Everyone warned me about the toddler years. The “terrible twos”. The tantrums. The tears. The testing of boundaries. All the dramatics.
And right now, we’re in it. We have officially entered the toddler years.
It’s fair to say I have been thoroughly warned in every which way of the tantrums and the fits. It’s the demanding, independent, but also so needy, sometimes defiant, tantrum stage. You name it, it’s happening in this house. Most have told me this is the most “trying” stage yet.
But let me tell you a little secret about this “trying” stage we’re in right now. This stage, this “terrible two” stage? It’s my favorite so far.
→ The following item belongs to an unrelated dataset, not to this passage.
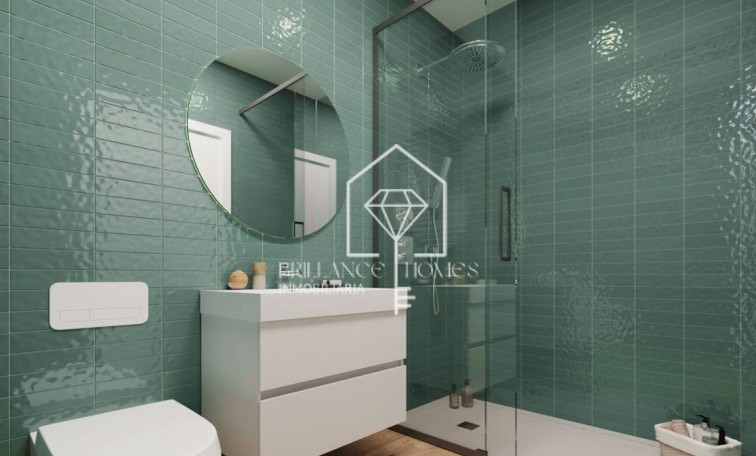 Nowa konstrukcja - Apartment/mieszkanie - Mutxamel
It’s your daddy’s favorite, too.
Because it’s THIS stage where you first said the words, “Lub you too, Mommy.”
It’s this stage when you found the fun in wrestling Daddy to the ground in the living room, laughter radiating throughout the entire house.
It’s this stage where you reach for Mommy’s hand while watching cartoons, then turn toward her and give her a sweet smile.
It’s this stage where you grab Daddy’s face and pull his entire body in for a kiss right on the lips.
It’s this stage where you sing at the top of your lungs in your car seat to all of your favorite songs.
It’s this stage where you tell everyone you see at the store “Happy birthday!” because you’re just so excited for your own birthday party.
Now don’t get me wrong, this stage can be so hard. The days can feel long, the tears can seem endless. But the secret no one told me about the toddler years, is how much I could absolutely love it. Nobody warned me about the beauty within the terrible twos.
Sweet boy, Daddy and I lie in bed at night and talk about how much we want to freeze you, freeze time. We want to freeze your sweet voice, your “still so chubby” thighs, your relentless love, your rambunctious personality. We even want to freeze your tantrums and your tears.
Because soon enough, you’re going to grow up and you won’t cry over Mommy taking two minutes to use the restroom. You won’t throw a fit over Daddy grabbing “the wrong cup” for you at supper time.
Instead, your heart will face grown-up hurts. You’ll experience some of life’s hardest trials on your own. The days of crying over spilled milk will be gone. So instead of wishing the hard days away, wishing for time to speed up . . . I don’t want to even for a second wish these toddler years away.
Because these toddler years, these terrible twos . . . they’re my favorite.